Trump: Empresas petrolíferas 'estão muito ansiosas para entrar' na Venezuela

O presidente dos EUA, Donald Trump, disse no último domingo (4) que conversou "praticamente com todas" as empresas petrolíferas sobre a possibilidade de entrar na Venezuela, acrescentando que elas estão dispostas a fazê-lo.

"Eles estão muito ansiosos para entrar", disse a repórteres a bordo do Air Force One, após ser indagado sobre o assunto.

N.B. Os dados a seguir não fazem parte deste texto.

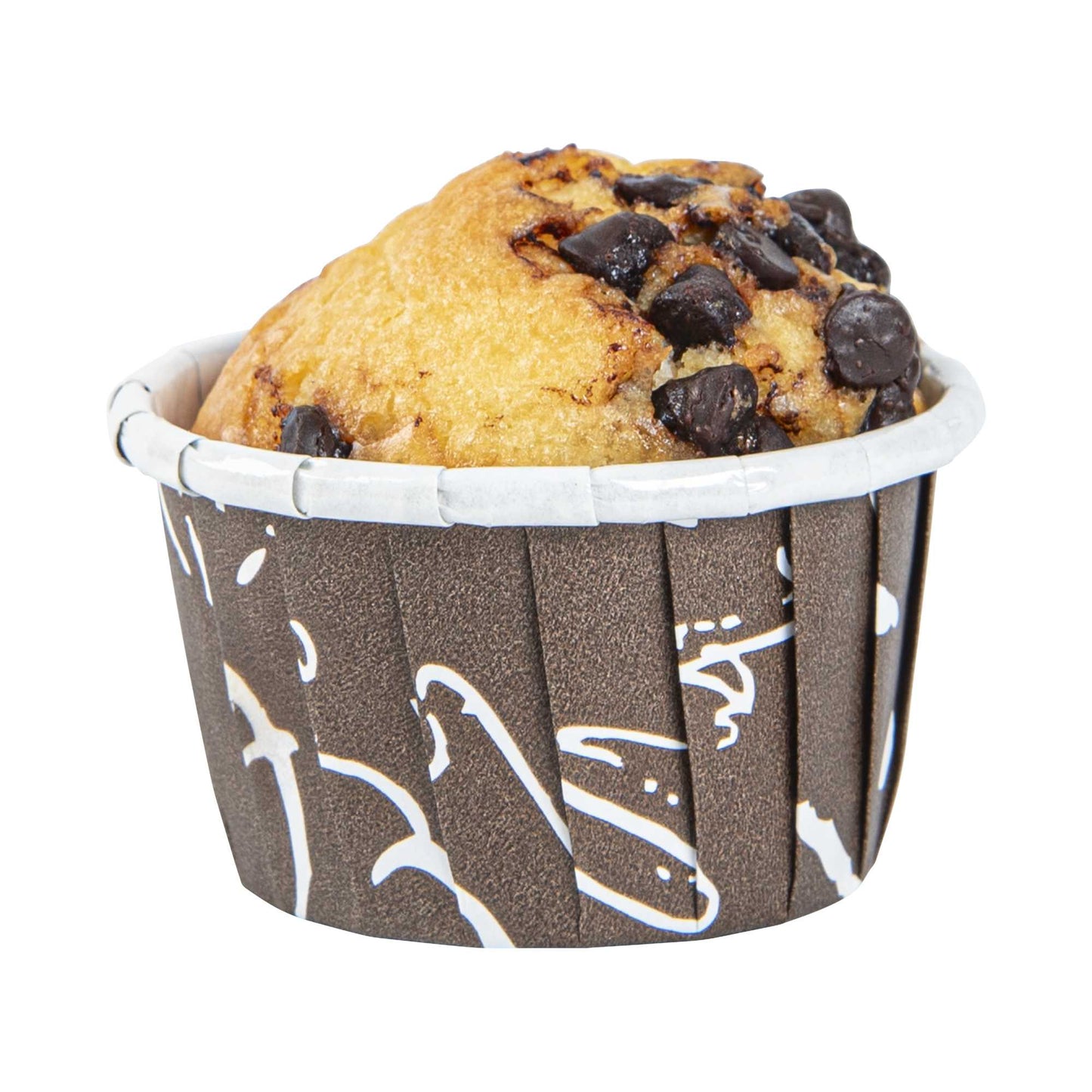 Panificio 1 oz Round Chocolate Wisp Paper Small Baking Cup - Pleated - 2" x 2" x 1 1/4" - 200 count box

Questionado se havia conversado com as empresas antes da operação militar em território venezuelano, o ocupante da Casa Branca respondeu: "Sim, antes e depois". "E elas querem entrar. E farão um ótimo trabalho para o povo da Venezuela", concluiu.
Trump também afirmou que empresas americanas entrarão no país latino-americano para extrair petróleo e "recuperar o que lhes foi roubado". Segundo o presidente norte-americano, o objetivo é reconstruir o sistema petrolífero da Venezuela e recuperar ativos que, em sua visão, foram desviados. "As empresas petrolíferas vão entrar e reconstruir esse sistema. Elas vão investir bilhões de dólares e vão extrair o petróleo do solo", disse ele.
A gravíssima agressão militar
Os Estados Unidos atacaram a Venezuela no último sábado (3), orquestrando uma operação que, segundo o governo venezuelano, atingiu a capital, Caracas, e os estados de Miranda, La Guaira e Aragua, deixando vítimas fatais militares e civis. Caracas classificou a operação como uma "gravíssima agressão militar".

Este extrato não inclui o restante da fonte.